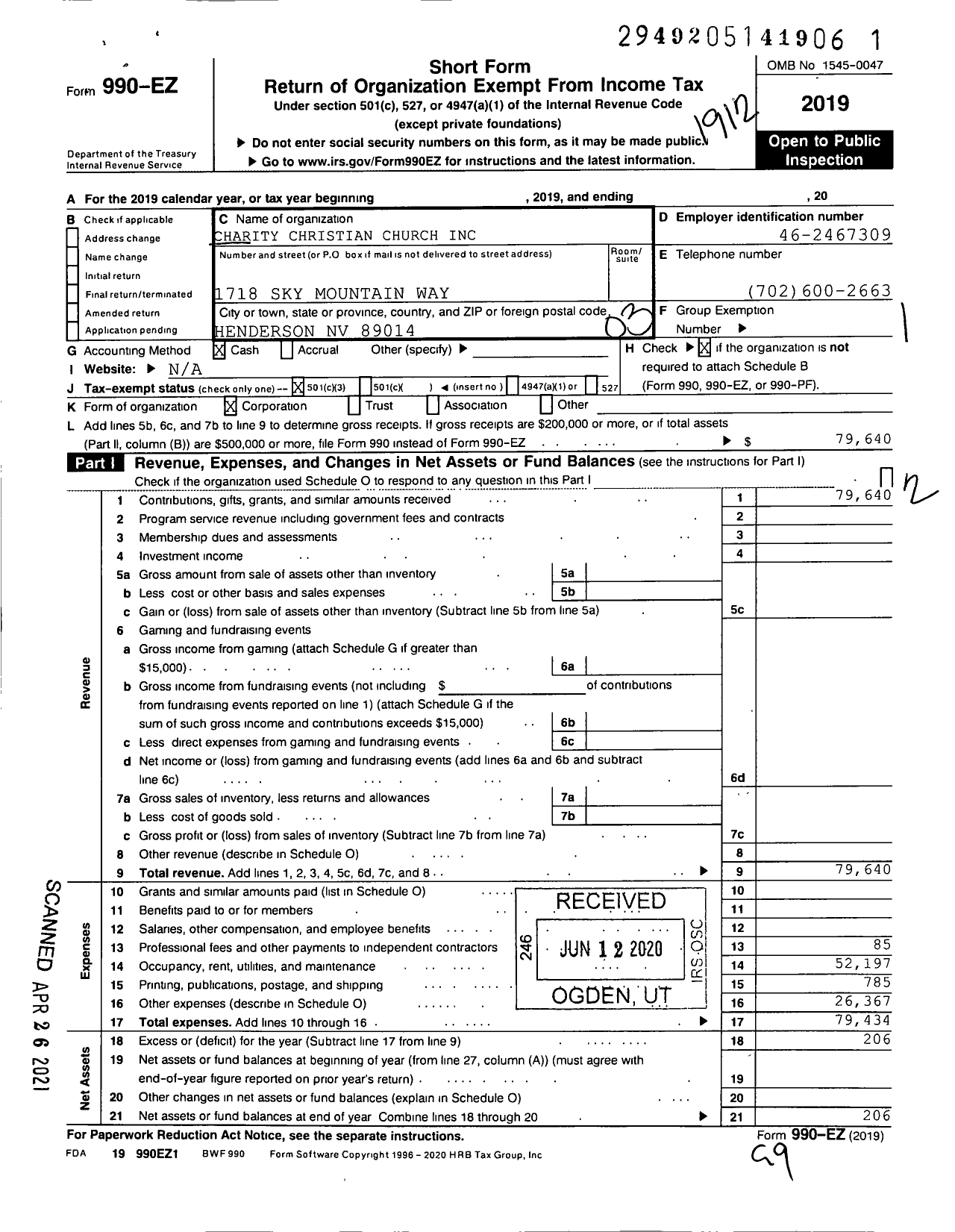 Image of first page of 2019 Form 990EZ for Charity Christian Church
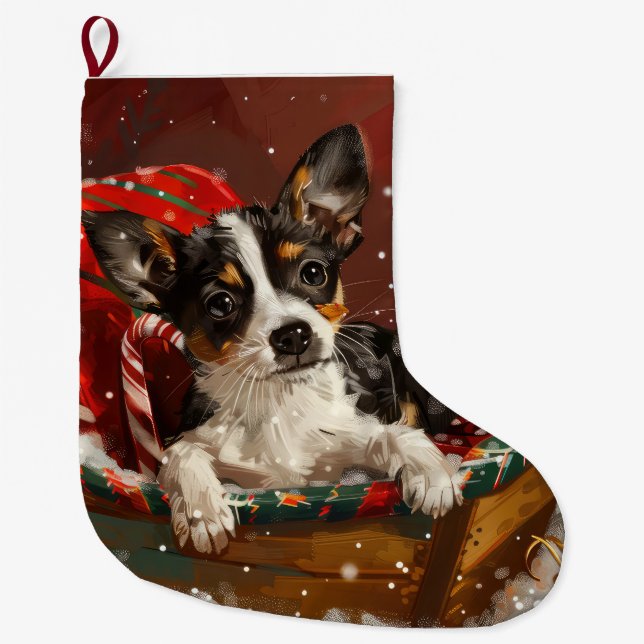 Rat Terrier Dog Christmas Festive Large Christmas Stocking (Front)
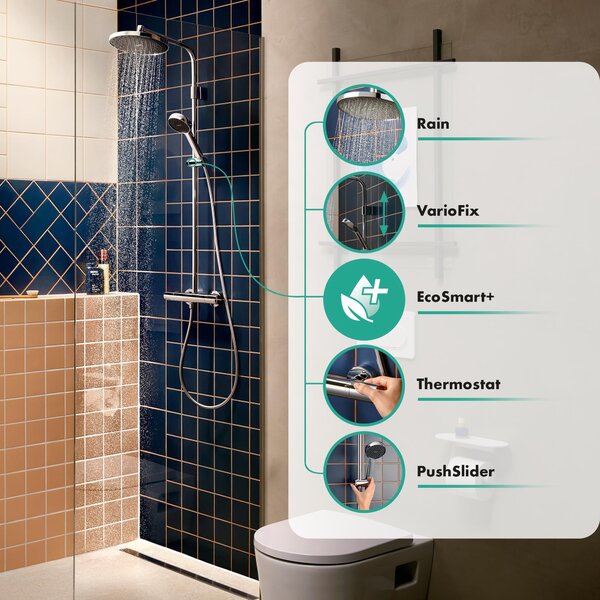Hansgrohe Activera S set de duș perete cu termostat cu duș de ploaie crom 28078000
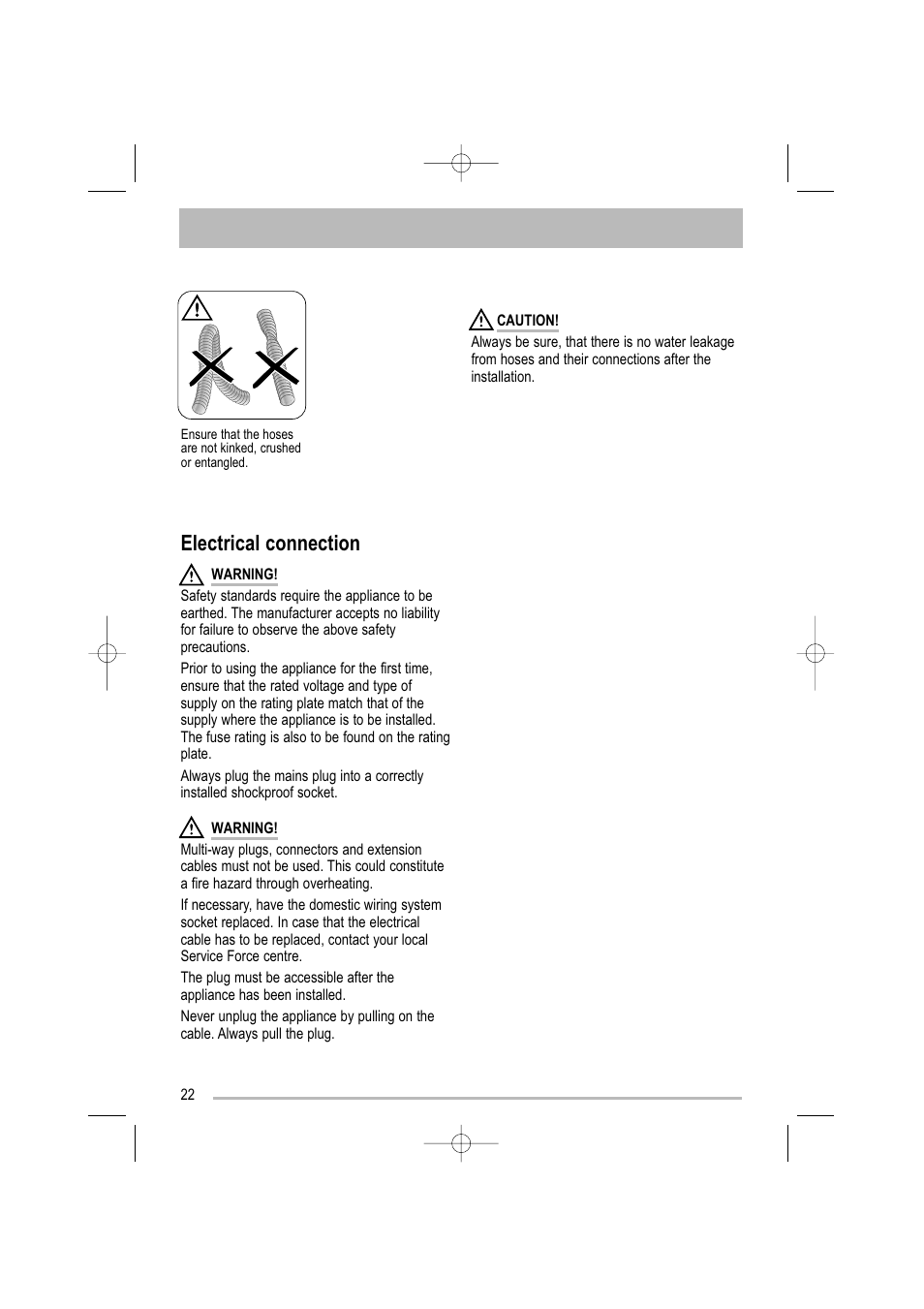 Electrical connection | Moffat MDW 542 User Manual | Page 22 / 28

Task to complete
Copy the material exactly. Do not include the pictures.

Exercise solution
 Image of first page of 2019 Form 990EZ for Charity Christian Church
 Rat Terrier Dog Christmas Festive Large Christmas Stocking (Front)
Hansgrohe Activera S set de duș perete cu termostat cu duș de ploaie crom 28078000
 Electrical connection | Moffat MDW 542 User Manual | Page 22 / 28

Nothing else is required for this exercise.